FGCaMP7, an Improved Version of Fungi-Based Ratiometric Calcium Indicator for In Vivo Visualization of Neuronal Activity

Round 1

Reviewer 1 Report

This paper presents improvement on a calcium indicator, first published in 2017 (ref 19).  The data is presented in a logical progression, but it is hard to read.   The paper is interesting, but the presentation could be improved.

Issues:

Figure S2 b, top, how were spectra normalized?

The section on the initial directed mutagenesis (lines 192-260) could be more concise.  It’s interesting data, but ultimately did not lead to a better indicator.

The Kd1 values given in the text (lines 283-284) do not match the numbers in Fig. S3 for FGCaMP2 and 3.  This needs to be corrected (although these mutants were not selected for further work).

For directed evolution of FGCaMP4, the authors state:

During the first step, we performed imaging of the indicator’s library

295 to the E. coli periplasm on Petri dishes and selected clones with the highest fluorescence ratio before

296 and after treatment with a buffer that contained ethylenediaminetetraacetic acid (EDTA) using

297 405/40BP and 480/40BP nm excitation filters and 510LP and 535/40BP nm emission filters,

298 respectively.

Why this choice of emission filters?  535/40BP range is within 510LP range.

Line 421: upper value for FGCaMP5 is missing

The paper needs English editing throughout, there are many grammar errors.  Here are just a few examples (there are many!):

• many prepositions are incorrect
• In some extent should be to some extent
• Access should be assess in lines 361 and 633
• In the same conditions should be under the same conditions

This group recently published a paper presenting another calcium indicator (ref. 9), how does this new indicator compare to that one?

Author Response

Response to Reviewer 1 Comments

We thank reviewer 1 for his valuable comments and useful suggestions, which we have addressed entirely in the revised manuscript.

Reviewer #1:

This paper presents improvement on a calcium indicator, first published in 2017 (ref 19).  The data is presented in a logical progression, but it is hard to read.   The paper is interesting, but the presentation could be improved.

Issues:

 Point 1: Figure S2 b, top, how were spectra normalized?

 Response 1: In the revised manuscript, Supplementary Information, legend to the Figure S2b, top, we added “Absorbance at 280 nm is normalized to 1.”.

 Point 2: The section on the initial directed mutagenesis (lines 192-260) could be more concise.  It’s interesting data, but ultimately did not lead to a better indicator.

 Response 2: In the revised manuscript we would like to keep this section since we describe the structural effects of those mutations that led to changes in the properties of the FGCaMP protein.
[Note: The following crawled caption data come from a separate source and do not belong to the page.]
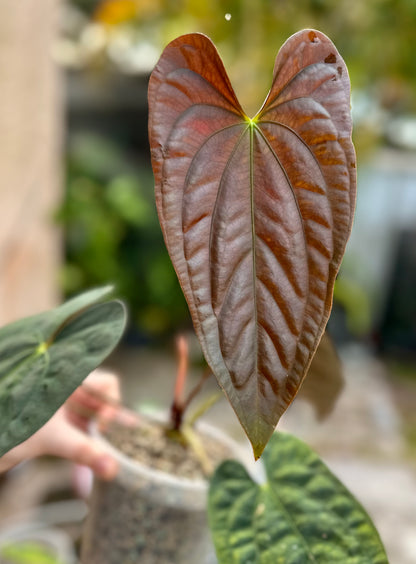 Anthurium papillilaminum “Gatorskin” x “Dadbod”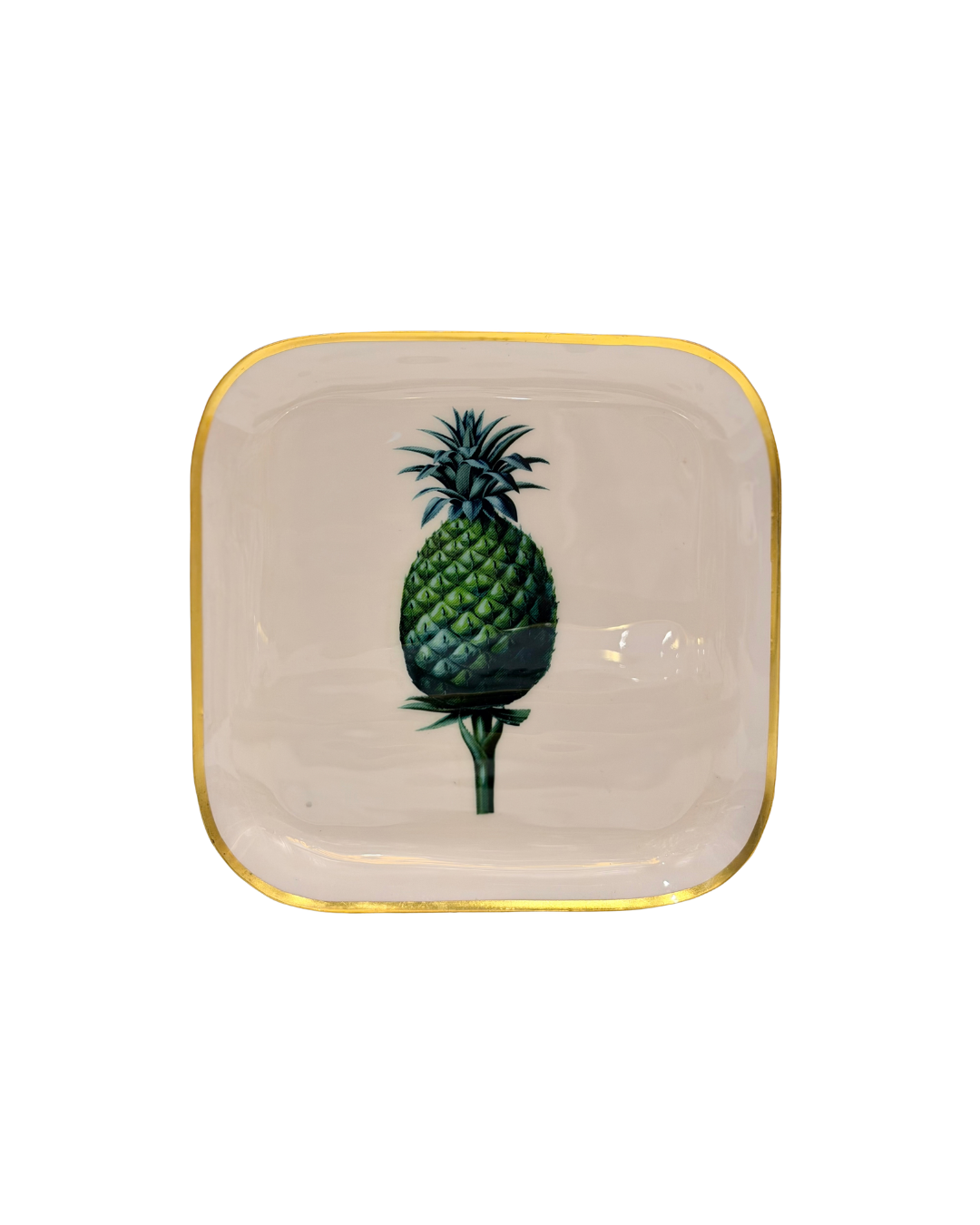 Metal Quarter Plates - Amazonia Day (Seconds)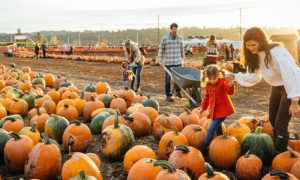 Maryland, Pumpkins, Center, Fall, Festivities, Farm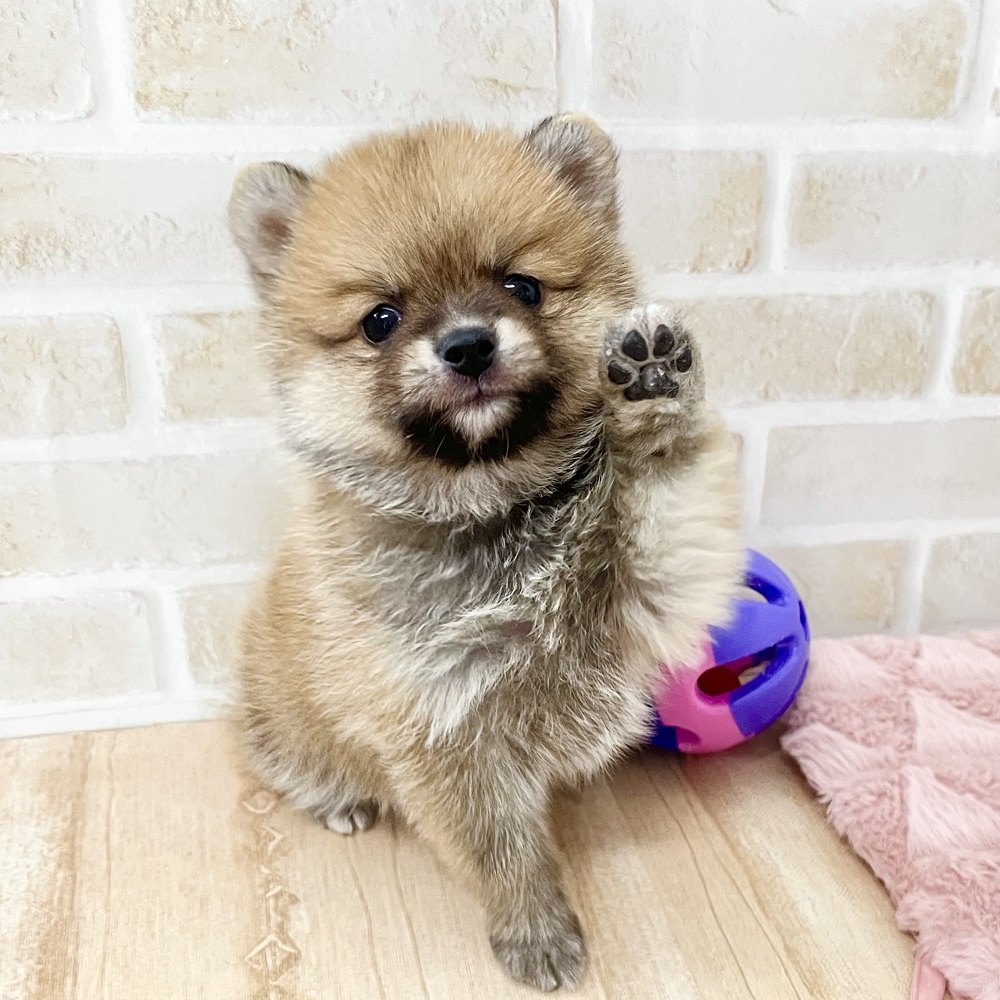 ポメちゃんページ パーティーカラーのポメちゃん - CHECO-LU'S GALLERY | minne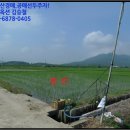 상주시청리면삼괴보건진료소 | [ 청리면, 경매 ] 상주시 청리면 삼괴리 630-47 경매매물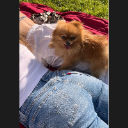 doggie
The main goal in this section was not to improve the performance of the FGCaMP indicator, but to confirm and study the FGCaMP X-ray structure using point mutations.

 Point 3: The Kd1 values given in the text (lines 283-284) do not match the numbers in Fig. S3 for FGCaMP2 and 3.  This needs to be corrected (although these mutants were not selected for further work).

 Response 3: In the revised manuscript, Supplementary Information, on Figure S3 we provided correct K_d1 values for the FGCaMP2/T28D (K_d1 433 nM) and FGCaMP3 (K_d1 208 nM) indicators.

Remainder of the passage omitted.